Protection des consommateurs : le pari risqué des tribunaux spéciaux

Le gouvernement fédéral envisage de créer des tribunaux spéciaux pour aider les consommateurs à faire valoir leurs droits face aux entreprises malhonnêtes, annonce le ministre Rob Beenders (Vooruit).
Rob Beenders pense surtout au secteur de la construction. « Par exemple, les personnes qui construisent ou rénovent une maison et qui se retrouvent sans le sou parce que l’entrepreneur fait faillite. Ou qui achètent un appartement neuf et dont le parking n’est pas étanche. Il est souvent difficile d’assigner ces entrepreneurs et promoteurs de la construction. Ils ont du temps et de l’argent. Ils font fuir les gens. La loi actuelle ne protège pas suffisamment les consommateurs. »
L’intention de « raccourcir les procédures judiciaires pour les litiges de consommation » figurait déjà dans l’accord de coalition, mais n’avait pas encore été précisée.

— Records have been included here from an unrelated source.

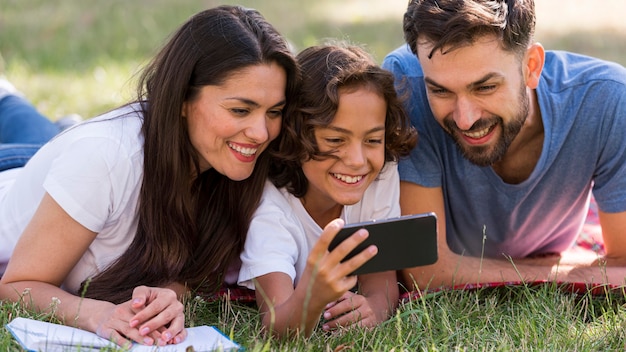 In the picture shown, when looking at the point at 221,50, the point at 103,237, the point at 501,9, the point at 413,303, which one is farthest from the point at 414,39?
the point at 103,237

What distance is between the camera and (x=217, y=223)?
384 centimetres

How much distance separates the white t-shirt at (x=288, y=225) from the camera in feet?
11.7

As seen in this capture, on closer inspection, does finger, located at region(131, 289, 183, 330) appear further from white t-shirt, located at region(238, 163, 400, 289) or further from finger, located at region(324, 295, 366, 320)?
finger, located at region(324, 295, 366, 320)

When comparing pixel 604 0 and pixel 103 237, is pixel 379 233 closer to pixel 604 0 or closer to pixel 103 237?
pixel 103 237

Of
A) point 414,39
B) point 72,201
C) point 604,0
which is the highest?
point 414,39

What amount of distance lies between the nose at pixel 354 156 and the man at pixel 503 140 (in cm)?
Result: 46

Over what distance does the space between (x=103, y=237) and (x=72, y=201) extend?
30 centimetres

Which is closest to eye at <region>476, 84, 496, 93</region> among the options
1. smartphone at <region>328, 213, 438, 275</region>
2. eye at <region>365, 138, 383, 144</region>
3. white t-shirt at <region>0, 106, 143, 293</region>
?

M. Beenders examine actuellement avec le ministère de la Justice où ces nouveaux tribunaux peuvent être mis en place. La ministre des Classes moyennes, des Indépendants et des PME, Éléonore Simonet (MR) a fait savoir samedi qu’elle n’était pas favorable à cette proposition.
Onéreux et inutile
« Créer une nouvelle couche judiciaire serait non seulement très onéreuse, à l’heure où l’on tente plutôt de réduire le coût de l’État, mais aussi inutile. De plus, cela sèmerait la confusion auprès des consommateurs, alors que l’objectif du gouvernement est justement de raccourcir les délais des procédures judiciaires et leur complexité, que ce soit pour les consommateurs, les travailleurs et les entreprises », souligne la ministre.
« De plus, le ministre Beenders oublie que de nombreuses entreprises sont souvent, elles-mêmes, victimes de défauts de paiement par leurs clients. Enfin, cette vision unilatérale qui laisse à penser que le secteur de la construction (l’un des principaux pourvoyeurs d’emplois du pays) est un monde de voleurs n’est pas acceptable. »
Moderniser le loi Breyne
Éléonore Simonet ajoute que l’accord de gouvernement prévoit justement de moderniser la loi Breyne qui a pour but de protéger les consommateurs face aux pratiques commerciales déloyales. L’accord prévoit également la mise en place d‘un service de médiation dédié au secteur de la construction, ainsi qu’un régime de protection juridique spécifique pour les consommateurs qui entreprennent des travaux de rénovation.
La fédération de la construction Embuild a également peu apprécié les propos du ministre Beenders. « La toute grande majorité des entreprises de construction respectent en effet les règles », pointe l’organisation, qui estime que sur les 100.000 chantiers réalisés l’an dernier, « presque tous ont été menés à bien dans un climat de confiance entre l’entrepreneur et le client. Les cas problématiques mentionnés par le ministre restent donc heureusement très limités. »
Embuild plaide plutôt pour « une interdiction professionnelle plus rapide et plus large à l’encontre des entrepreneurs malhonnêtes, afin qu’ils ne puissent plus tromper les consommateurs. » La fédération a ajouté rencontrer la semaine prochaine Rob Beenders avec l’espoir de conclure des accords concrets « afin d’améliorer, en partenariat, la relation entre consommateur et entrepreneur. »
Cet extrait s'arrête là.